Undoubtedly, the provincial government will be under considerable pressure to make sure that the rest of the province (outside the Lower Mainland, Squamish and Whistler area) should share in the Olympic bounty. But, the Olympic construction boom cannot be moved, nor can we expect many tourists to explore far afield from Vancouver or Whistler in February. The Olympics themselves are not the best way to address equity between different regions of the province.

By all means the government should take advantage of the profile provided by the Olympics to showcase BC and its businesses. But any campaign should be grounded in the reality that February is not a good time to showcase most of BC, and that Vancouver itself may appear darker and wetter than we'd like the world to picture it.

Finally, the provincial and federal governments should get on with managing their real economic responsibilities.

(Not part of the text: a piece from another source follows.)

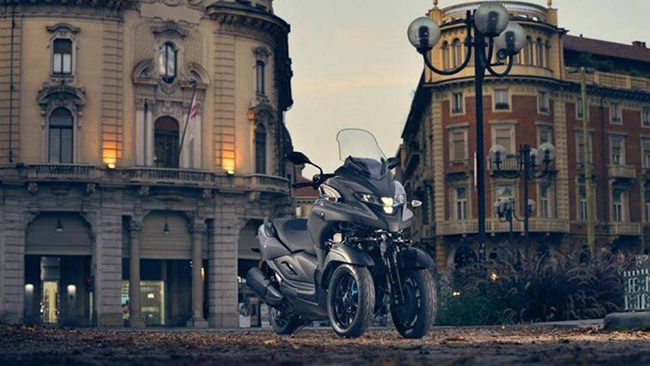 7. Yamaha Tricity 300 2020 (giá: 6.500 euro)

An economic strategy based solely on the Olympics neglects many important sectors in BC (natural resources, high tech, financial services), redirects transportation investment away from key goods movement routes in the Lower Mainland and places too much emphasis on one event seven years out.

There is a real risk that government in Victoria will become pre-occupied with the Olympics initiatives. Cabinet meeting agendas will refocus on the feel-good of the Winter Games, to the neglect of the many serious problems facing British Columbia over the next decade. If so, that could be the biggest cost of the Games.